This also puts limits on what the rule for evolving states can be: any rule for how individual states evolve over time also gives a result for how probability distributions evolve over time. (Picture a cloud of ink, with varying density, flowing along in moving water - knowing the flow lines tells you where the cloud goes.) If there are restrictions on what kind of probability distributions can be set up, these have to be preserved over time - otherwise, you could set up an allowed distribution, and then wait until it evolves into a disallowed one. In particular, for Gaussian quantum mechanics, he told us that systems with a quadratic Hamiltonian will satisfy this condition.

The important fact here is that this is a “realist” interpretation. It says the quantum mechanical uncertainty reflects that QM is a theory about your knowledge of the state of the system, which, however, really exists. Often in quantum mechanics, one defines a “wave function” as a function living on configuration space (complex-valued, not real-valued like a probability density, but a function nonetheless). However, it’s now pretty standard to think of this wave function as the “real” state of the system - the view that it represents a state of knowledge was popular for a while, but ran into various problems in the form of experiments that are hard to account for, such as Bell inequality violations. The point of the talk was to see just how many of the “strange” features of quantum mechanics are genuine problems for this view, and to show the answer is “not many”.

The features he claimed are really mysterious from this point of view are fairly few: Bell inequality violations, some no-go theorems for models of physics involving local hidden variables such as the Kochen-Specker Theorem, and a few others. So Spekkens’ suggestion was that this concept of quantum mechanics as a theory of probability with an “epistemic” restriction (i.e. limits on what’s knowable) might be salvaged if the underlying classical theory were non-local - and perhaps had some other odd features yet to be precisely delineated - to begin with. However, it might not have to be terribly strange apart from that, since quantum mechanical features like interference and superposition of states all show up in the restricted statistical picture.

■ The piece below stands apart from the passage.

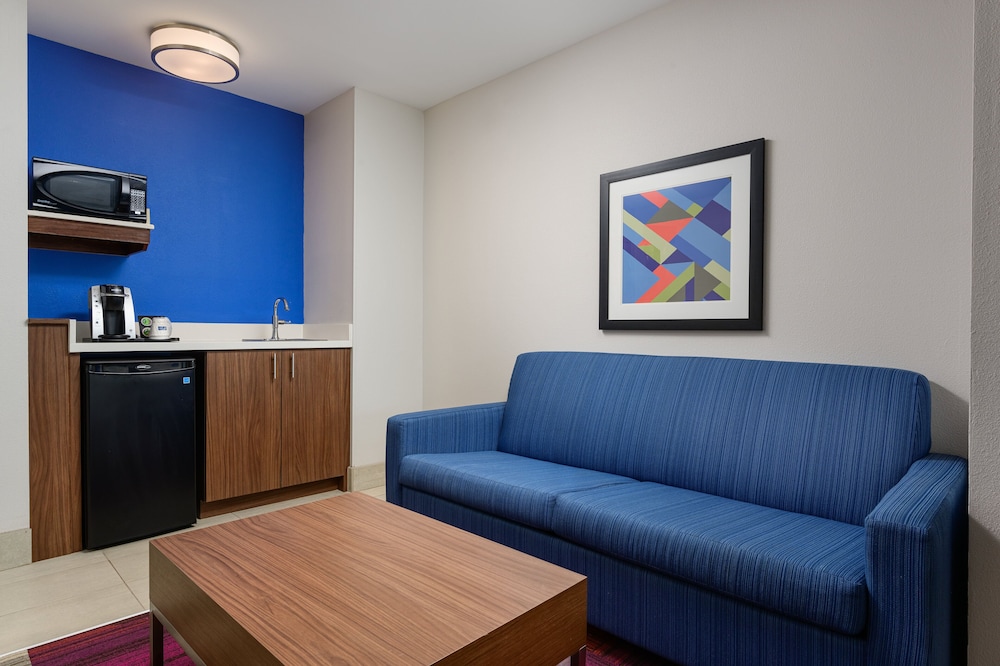 Holiday Inn Express Hotel & Suites Tullahoma 31/47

The gist of his argument then seemed to be that to really straighten out some foundational issues in quantum physics, one approach would be: (a) come up with a well-founded justification for the assumption about restrictions on possible probability distributions, and (b) come up with at least one (and as few as possible) other principles to account for the remaining mysterious things - he also suggested they all seem to have something to do with “contextuality”. As I understand it, this last is the idea that an observable might have definite, but multiple, values - and that which values are seen depend on which groups of observables are measured together. I don’t know what, if anything, to make of that oddball-sounding idea.

However, he did argue that in some cases at least, the restriction can be justified by the observer effect: you have to look at a system using some apparatus, whose state you don’t know completely, and which interferes with the system in order to observe it (for instance, measuring the position of a particle by scattering it off another one, whose state is partly unknown, and imparts an unknown momentum).

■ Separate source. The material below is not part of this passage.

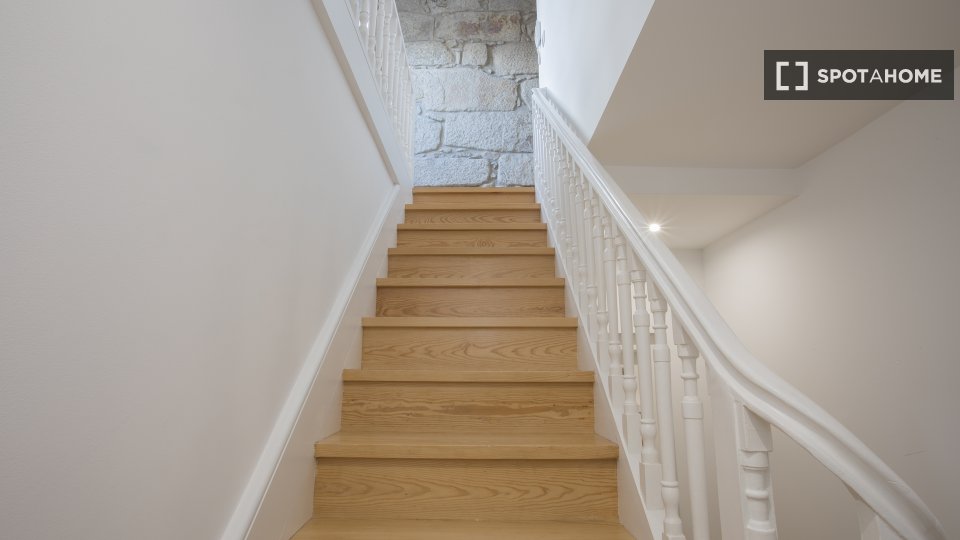 Apartment Porto, 2 beds, 110m² — photo 17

My overall reaction to the talk is that it’s interesting to know that realist interpretations of quantum physics (where the “reality” is more or less classical, and quantum effects some kind of afterthought, or epistemic effect) aren’t as dead as they might have seemed. However, the view that says classical physics emerges as some kind of limiting case of quantum effects seems better developed, at least mathematically, than the reverse. As for his claim that we “understand” the classical picture “physically”, whereas it’s not so for the quantum picture - I personally can only agree that’s true for me, but I don’t entirely see what you can conclude from that.

The bottom line seems to be that there are still problems in epistemology. I suspected as much already - though I’m not sure if I “knew” it, whatever that means.

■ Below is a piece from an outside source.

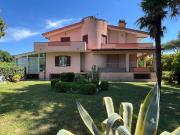Prestigiosa villa di 345 mq in vendita, Via della...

Once again, I keep meaning to write some less math-heavy posts, if for no other reason than to keep in the habit of thinking up things to write in here. Now is a good occasion to do this, since I’m visiting at the Perimeter Institute in Waterloo to give a talk called “Extended Topological Quantum Field Theories and Quantum Gravity” at the quantum gravity seminar on Thursday (the 28th). This is basically an updated and refined version of the talk I gave for my thesis defense, in which I’ve tried to make more of the link to physics - in particular, to BF theory, and to 3D quantum gravity. This turns out to be hard to do in an hour-long talk and still cover things adequately. Still, I find it worthwhile to get the point of view of real physicists on these apparently physics-related ideas, after thinking about them as a mathematician for some time.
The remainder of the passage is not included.